Mavlyanov contrasted the established branch-based banking model, which he said has often required extensive paperwork and long approval times, with digital onboarding offered by EMIs. He said traditional account-opening processes can leave business owners waiting about a month for approval, delaying operations and revenue.

EMIs, as described by Mavlyanov, use automated data checks and digital risk assessment tools to reduce onboarding times from weeks to hours. In his account, a company can register online, submit corporate documents through a secure channel and obtain a functioning account within a day, subject to the provider’s checks.

How EMI accounts differ

Electronic money institutions provide payment accounts and related services under a regulatory model distinct from conventional deposit-taking banks. Mavlyanov’s argument focuses on the operational features that matter to SMEs: rapid account setup, currency handling and transaction transparency.

For companies trading internationally, he said a single multi-currency platform can replace the need to maintain separate banking arrangements in multiple jurisdictions. Such accounts can allow businesses to hold, receive and send funds in currencies including euros, sterling and US dollars, while using dedicated local IBANs.

Mavlyanov said this structure may reduce friction for overseas counterparties because clients can make local-style payments rather than relying on cross-border transfers.

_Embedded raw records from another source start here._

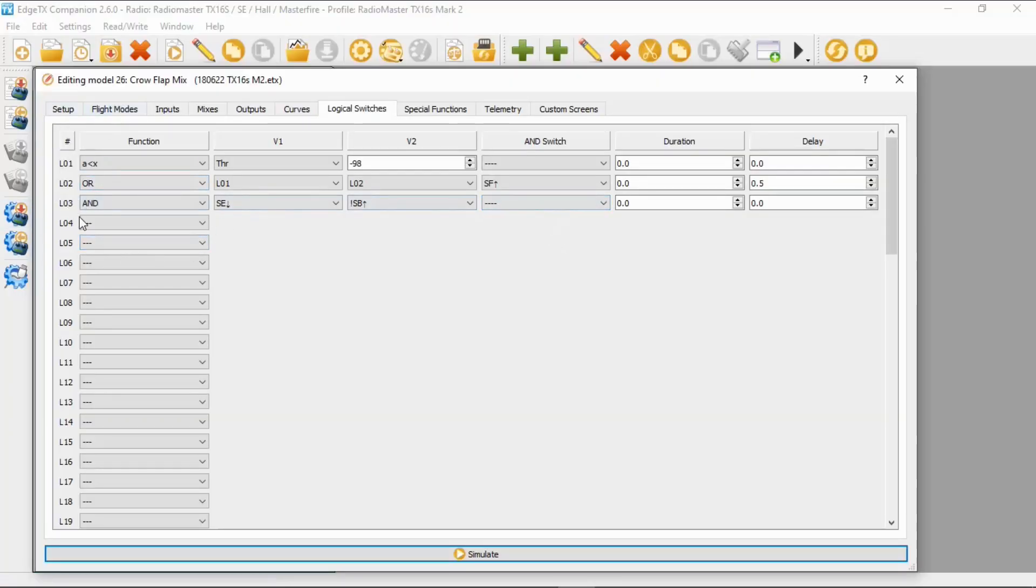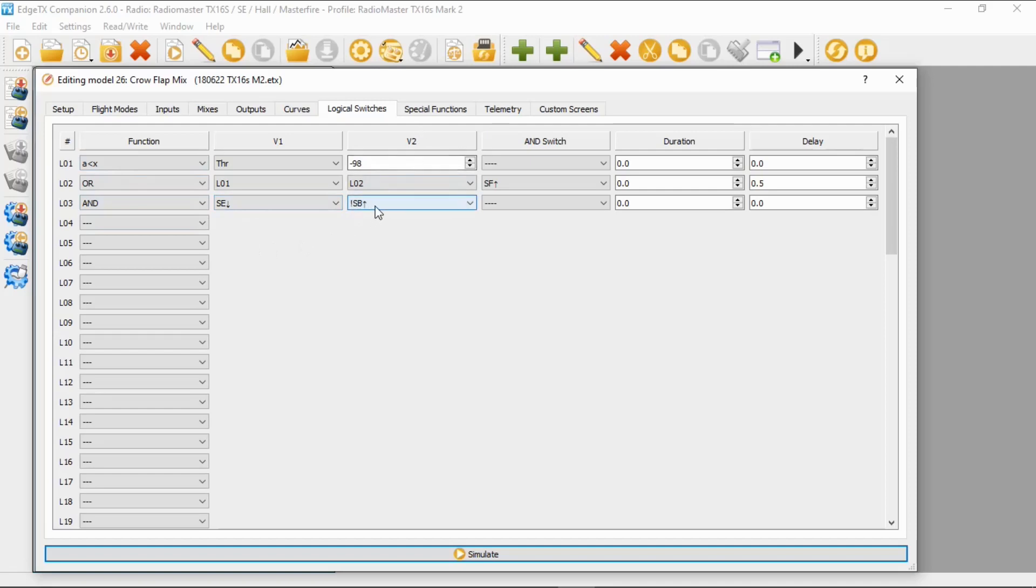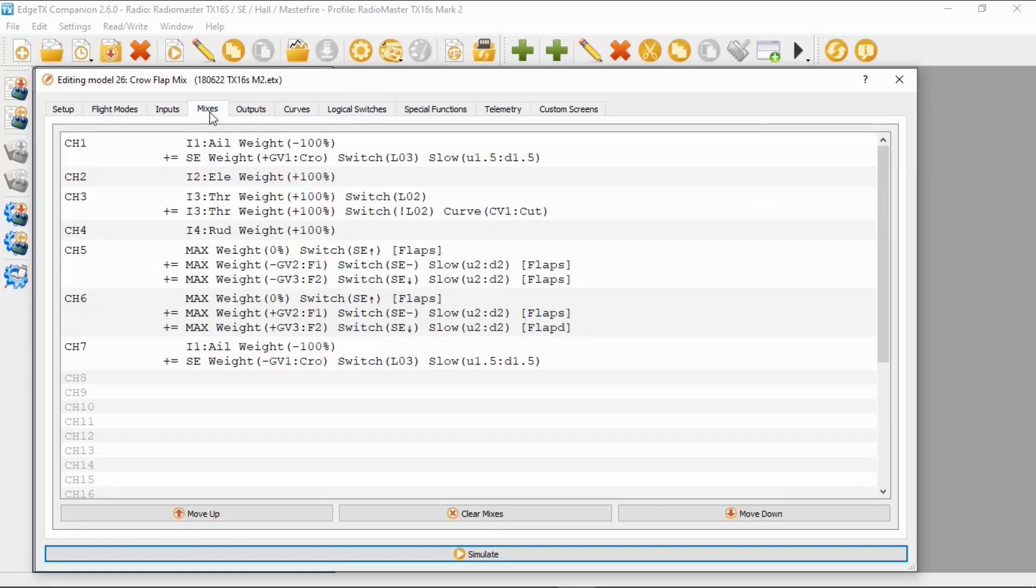So let's go through this again. It's logical switch number three, and the function is AND. It's switch SE in the back position, and V2 is NOT SB switch in the forward position. And we don't need to put anything else in there. So let's switch back to the mixes.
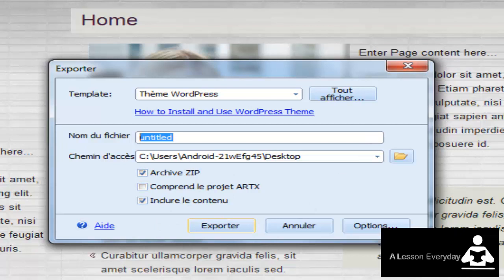Then you can go to your WordPress, which you will install on your host on the website. Tell the WordPress that you want to upload a theme.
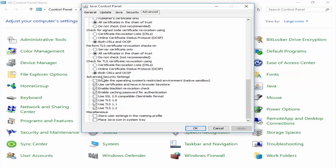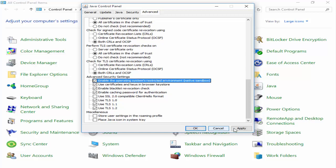And you can see here Advanced Security Settings. Enable the operating system restricted environment native sandbox. You check this, after click on Apply and OK.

He cited the example of a UK e-commerce business that buys inventory from Europe, pays technology developers in Asia and sells to US customers.

Foreign exchange costs in focus

The Moneff founder also pointed to foreign exchange as a pressure point for SMEs. He said high-street banks have often applied markups to currency transactions, creating costs for companies that buy and sell internationally.

EMI platforms, according to Mavlyanov, increasingly integrate FX tools that display near-real-time market rates and transaction costs. He said this can give business owners more visibility when converting funds or automating payments, which may help with cash-flow planning.

Mavlyanov framed the shift as part of a broader change in SME finance, with digital tools reducing administrative work that previously absorbed management time. He said traditional corporate banking accounts were designed for a more local and slower commercial environment, while SMEs now need services built for cross-border activity.

Finextra identified the piece as external author content and said it was published without editing, reflecting the views of the author. Mavlyanov is listed by Finextra as a London-based chief executive and founder of Moneff.

This story draws on original reporting from Finextra Research.